Be a friend to yourself, or how to exit a negative thought spiral
Negative thoughts and reality
I can’t stand in front of an audience.
I got this promotion by pure luck, I was in the right place at the right time.
They only complimented me out of courtesy.
70% of our spontaneous thoughts are negative. It that was not enough we tend to hang onto some our negative thoughts. This is called a negative spiral. Or in my case: you managed to upset yourself again Eszter.
What is wrong with these negative thought patterns?
It’s that you put many of these into your basket and bake your own suffer-cake. These thoughts are often catastrophising, envisioning a negative future detached from reality, other times simply blocking your happiness or success. When you believe for a second the negative future painted in your head then you sign yourself up for some bad feelings. Of course they will not laugh at you during your presentation but you have already started feeling bad for it.
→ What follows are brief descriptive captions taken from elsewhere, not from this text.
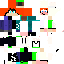 Texture for mattis sgin  1 ect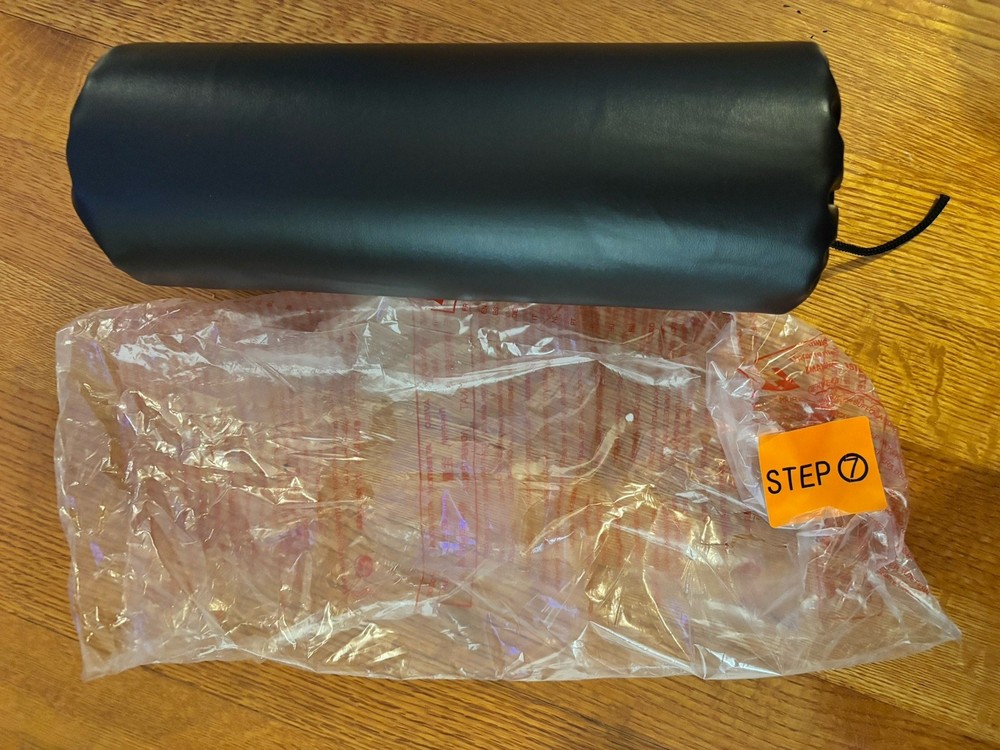 UPGO Home Gym Station Replacement Part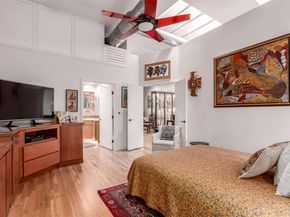 1488 Wazee Street 2F, Denver CO 80202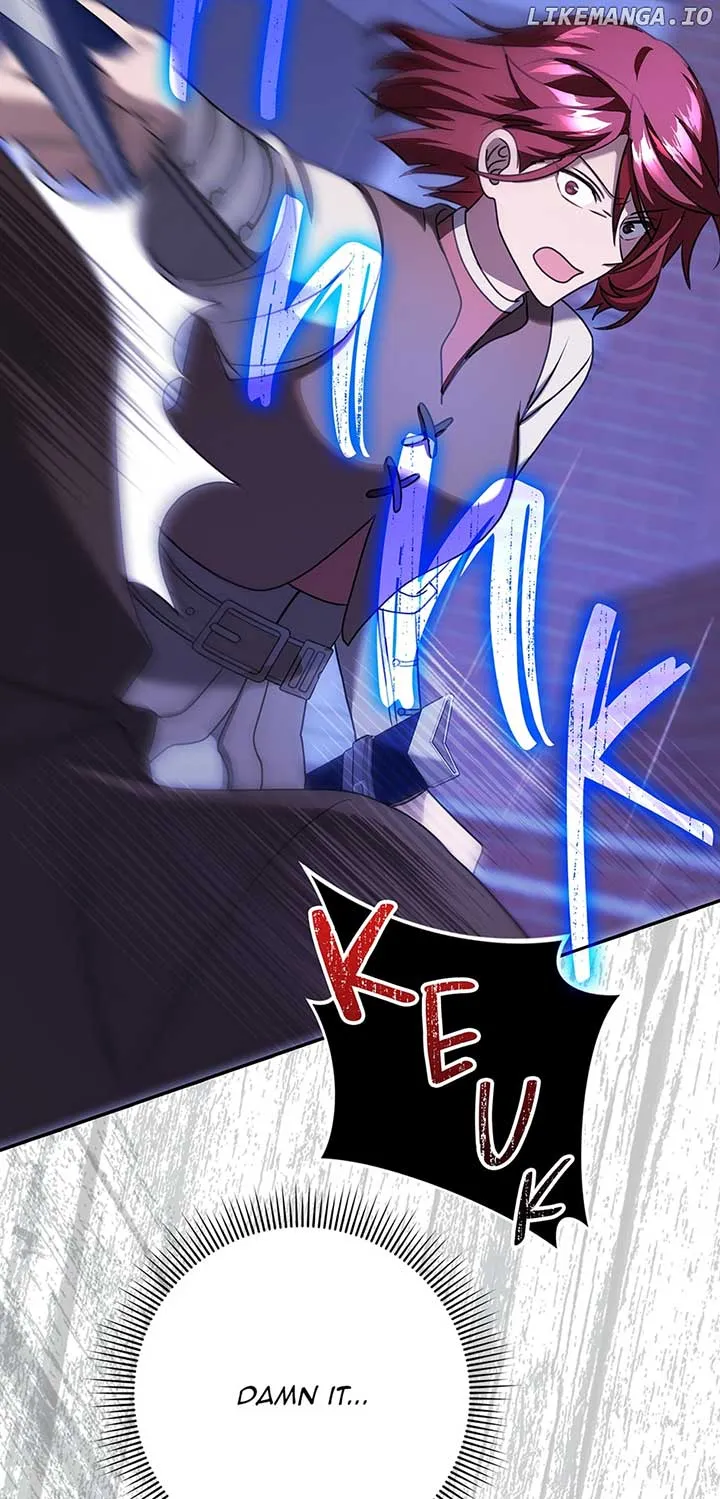 The Lost Cinderella Chapter 20 Online - página 27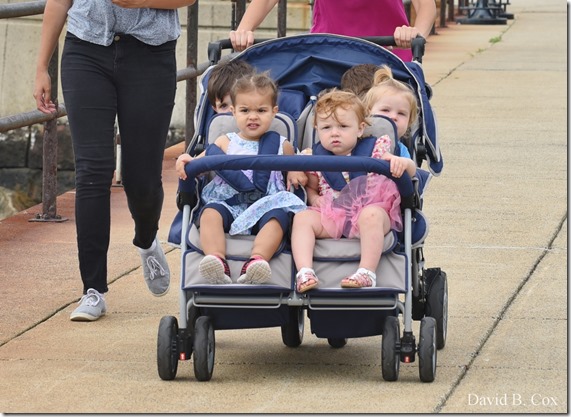 2018 8 3 Walks & Bazaar 021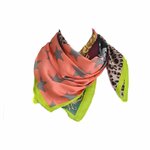 foulards-carre-20-soie-70-viscose-motifs-etoiles-et-leopard-70-x-70-cm (2)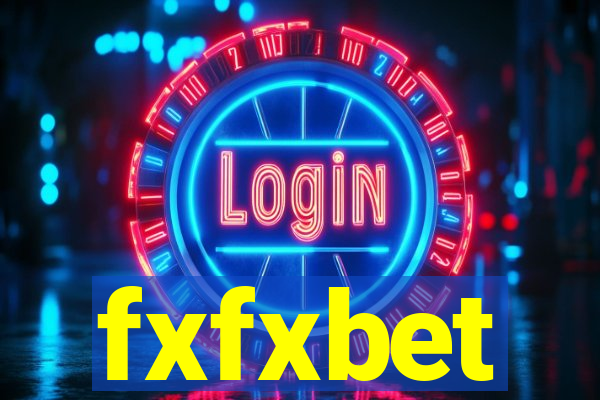 fxfxbet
For no reason.
This behaviour can lead to stress, anxiety or even depression.
How to step out of the negative thought spiral?
The first very important step is to notice your thought patterns. Two things helped me: practicing mindfulness, thanks to which I’m much more present in my thoughts and I improved my ability to look at them realistically. For your thoughts are not reality but only your filter on reality.
The other tool is to write down your worries when they arise. This helps in many ways. Firstly it gives you a task instead of catastrophizing that will snap you out of it. When writing down these negative inner monologues you suddenly come back to reality, your head becomes clear and you are able to see that maybe your fears are not that realistic after all. Also your notes help you identify your recurring thought patterns and work on them.
Label those hard feelings
Anger. Stress. Fear. Label your difficult feelings, it will help you calm down. When you try to put a one word label on what you feel your brains switches to “think-mode” instead of “feel-mode”. Or simpler: you’ll have less mental capacity to feel bad when you’re thinking about what that bad feeling that you are going through at the moment is. In it’s twisted way it has some logic in it.
Be a friend to yourself.
In these negative spirals you often behave as your own worst critic. When you catch yourself having these negative thoughts, ask yourself:
Would I say this to a friend what I’ve just said to myself?
I personally love elegant, smart, complex methods but this simply question helped me realise how cruel we can be with ourselves.
Try this breathing exercise:
This breathing exercise helps you to switch back from “fight or flight” mode to relaxed mode.
Have empathy for yourself
Don’t forget, this behaviour is natural and happens to everyone. Don’t blame yourself when negative thoughts come, just try not to follow them to the bottom of the spiral. You can do it.